Canadian Besner Family of French Origins

ORIGINS AND SIGNIFICATION OF THE LANGUEDOC CROSS

Numerous letters had to be sent to a lot of people in France in order to find the origin and the meaning of the Cross which serves as the logo to the Southern Pyrenee Region, also chosen as the logo of the web site, and, why not as the Coat of Arms of this family. Here is a summary of the answers received.

In terms of Heraldic Coat of Arms, the Cross of Toulouse, or Cross of the Languedoc, or'occitane' Cross, is a Greek Cross of equal branches, arrow-shaped and gold pommelled, of which the extremities of the branches are triply upright on fetlockjoint and beaded.

At the end of the first Crusade, in July 1099, the crusaders recaptured Jerusalem from the Muslims. Although Godefroy de Bouillon was then elected King of Jerusalem, it came to be that an actor's memory was occulted by History, but who was by no means the mainspring of succes: Raymond de Saint-Gilles (1042-1105) also known as Raymond of Toulouse.

-The crusaders bore the cross, apriori, latin, that of the Calvary. But it is not unthinkable that the chiefs might have borne a somewhat more sophisticated cross. Now, Raymond was a chief, and a great one at that !

-According to Pierre Salies, in a doubled number of the periodical of December 1994, the Genesis of our Cross of Toulouse comes from the will to modify ever so slightly the original model of the latin Cross. Thus, only the extremities of the branches were modified, transforming the straight line into an assembly of two curves while preserving the outline of the primitive cross inside the outline obtained.

-And yet this cross had to be fastened to a shield, a broad piece of defensive armor, wide at the top and pointed at the bottom, with a convex surface part, fashioned to encircle the body of the bearer.

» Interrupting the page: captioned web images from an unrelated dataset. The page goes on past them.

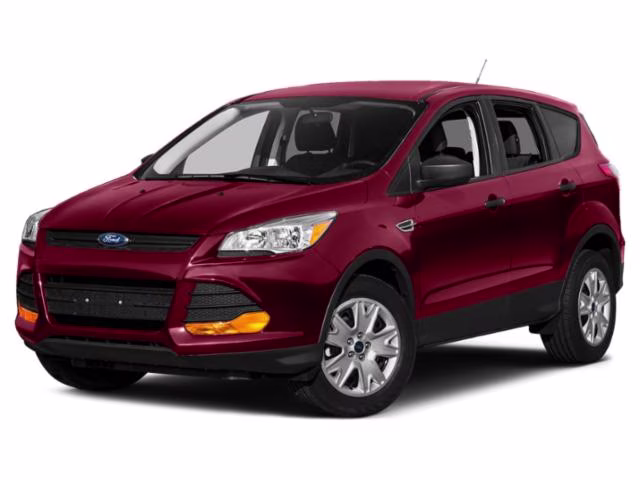 2015 Red Ford Escape Titanium FWD SUV
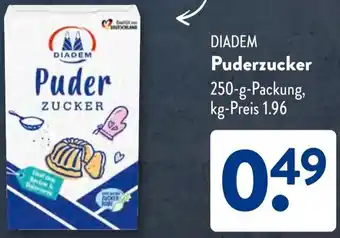 Aldi Süd DIADEM Puderzucker Angebot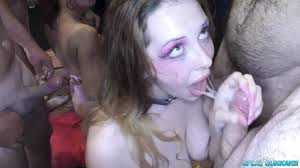 Uk Babes are Freaks When it Comes to a Gangbang: Blowjob Porn by FapHouse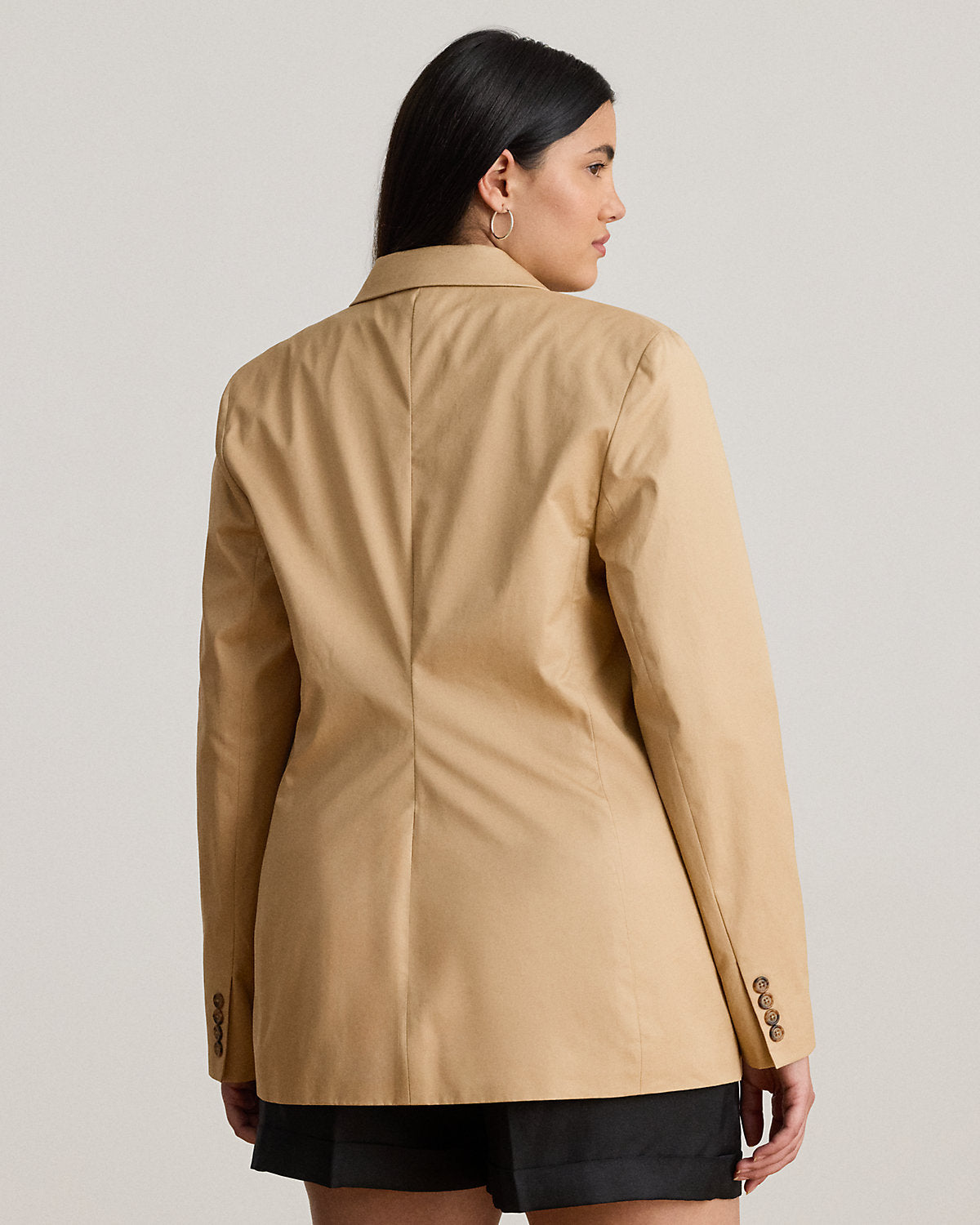 Ralph Lauren DoubleBreasted Cotton Twill Blazer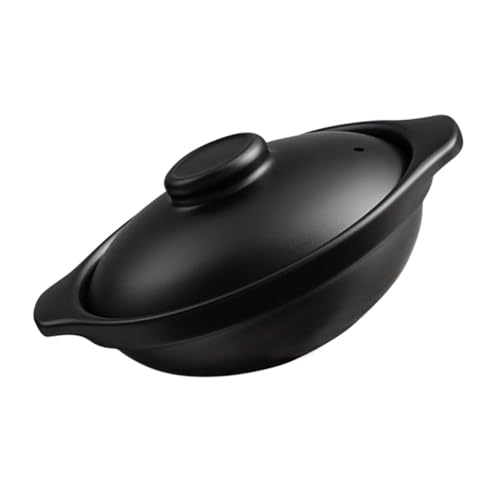 TOYANDONA Olla de Barro Resistente Alta Temperatura para Guisos y Sopas Cazuela Tradicional para Personas Cocina Uniforme y Fácil Limpieza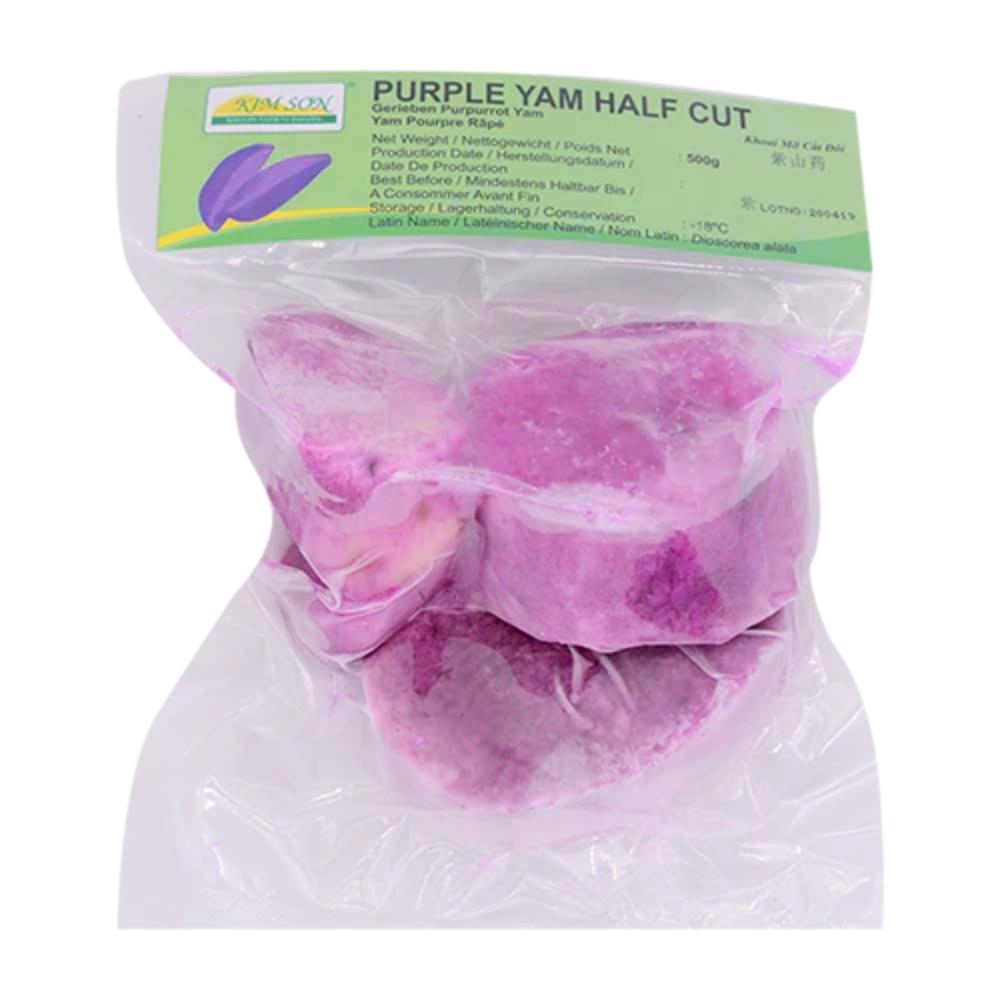 Kimson Half Cut Purple Yam 500g - Soon Fung LTD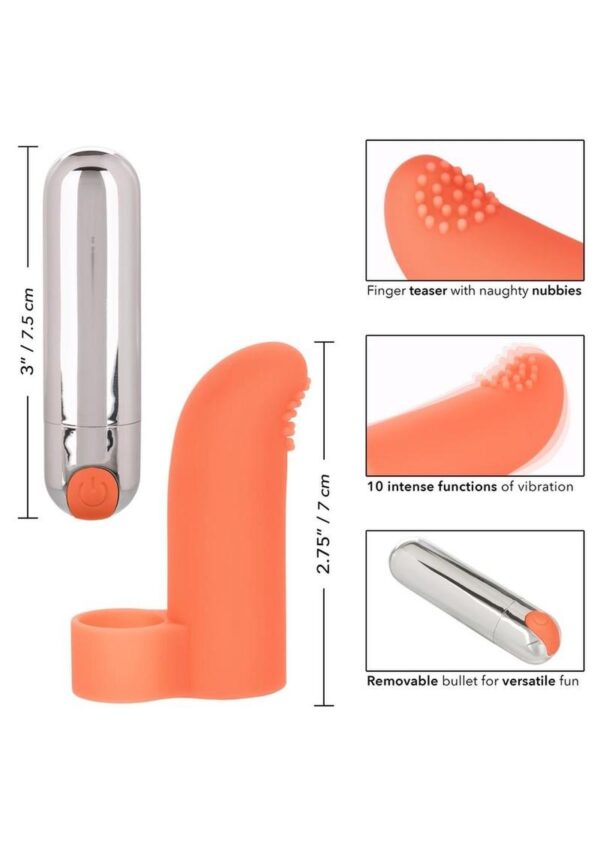 Intimate Play Rechargeable Finger Tickler - Vanilla - Image 4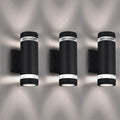 Outdoor Wall Sconce Exterior Lighting Fixture - ETL Listed,Aluminum Waterproof Wall Mount Cylinder Design - Up Down Light Fixture for Porch, Garage and Patio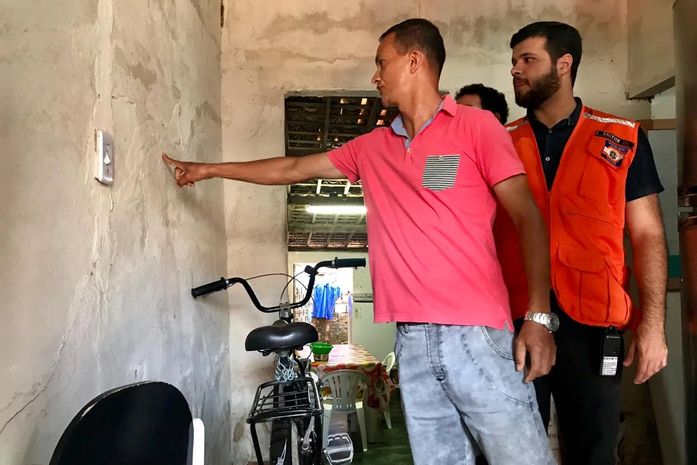 Ao vistoriar 200 casas, Defesa Civil pede vinda da CPRM para avaliar rachaduras no Bom Parto
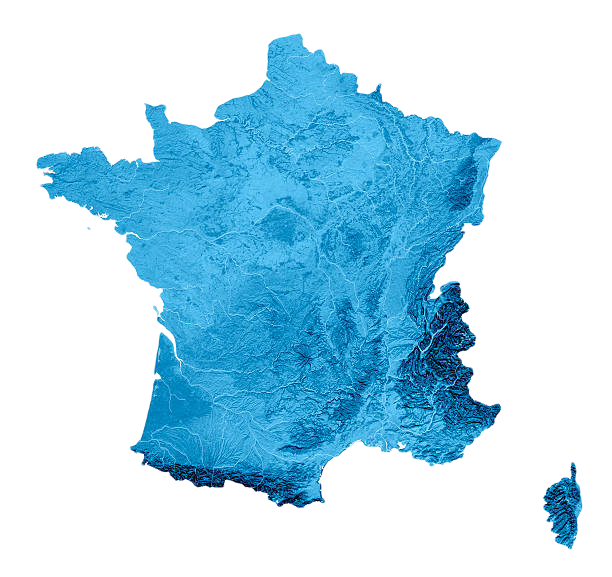 Carte de France pour rejoindre saint-Georges du Temple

Rivets were needed to accomplish this! For a simple latin cross, four, eight at the utmost sufficed. For Raymond's, twelve were needed. One at each crown of the figure formed by the curves which replaced the extremities of the branches.

-The cross thus obtained will evolve with the times, the branches becoming equal, the sides being rounded... until it comes down to the design as known nowadays.

At which moment was this cross, typically representative of the Counts of Toulouse, diffused to a point where it represented the Languedoc, then the Region of Southern-Pyrenees? - It emerges in 1211 with the seal of Raymond VI, Count of Toulouse, and will always be used afterwards by his successors. It will assert itself in all of the Toulousan realm, at the dawn of the XIIIth century and will figure henceforth on the Arms of the city of Toulouse, then on those of the Languedoc Region from the XIVth to the XVIIIth century.

Numerous hypotheses exist on the origin and was the subject of many symbolic interpretations.

-In the beginning, a simple solar wheel comprising 12 spokes, each one beaded on the end, symbolizing the 12 houses of the Zodiac (the Cross of St-Michel of Lanes in the Laragais).In the XIIth and XIIIth centuries, the clergy visualized in this figuration, The Lord crucifiedV and his twelve apostles.

-It has also been called a cathartic cross in as much as it was opposed to the latin cross, rejected by the "Cathares".

-Finally, it seems to materialize the itinerary of the Wisigoths, from the shores of the Black Sea to Toulouse by the Balkans, Italy and Spain. There are similar ones in theV South of France (Venasque and Forcalquier in Provence), in the Spanish Catalogne (Cloister of Santa Maria de l'Estany), in Northern Italy (in Pisa and in Venice).

These crosses landmark the routes opened by ancient civilizations, which connect us to the Distant Orient from where it might have originated, sayings of a cult of the first ages (Cross of Tourfan in Oriental Turkestan) infers Roger Camboulives in his work on the origins of the Cross of Toulouse.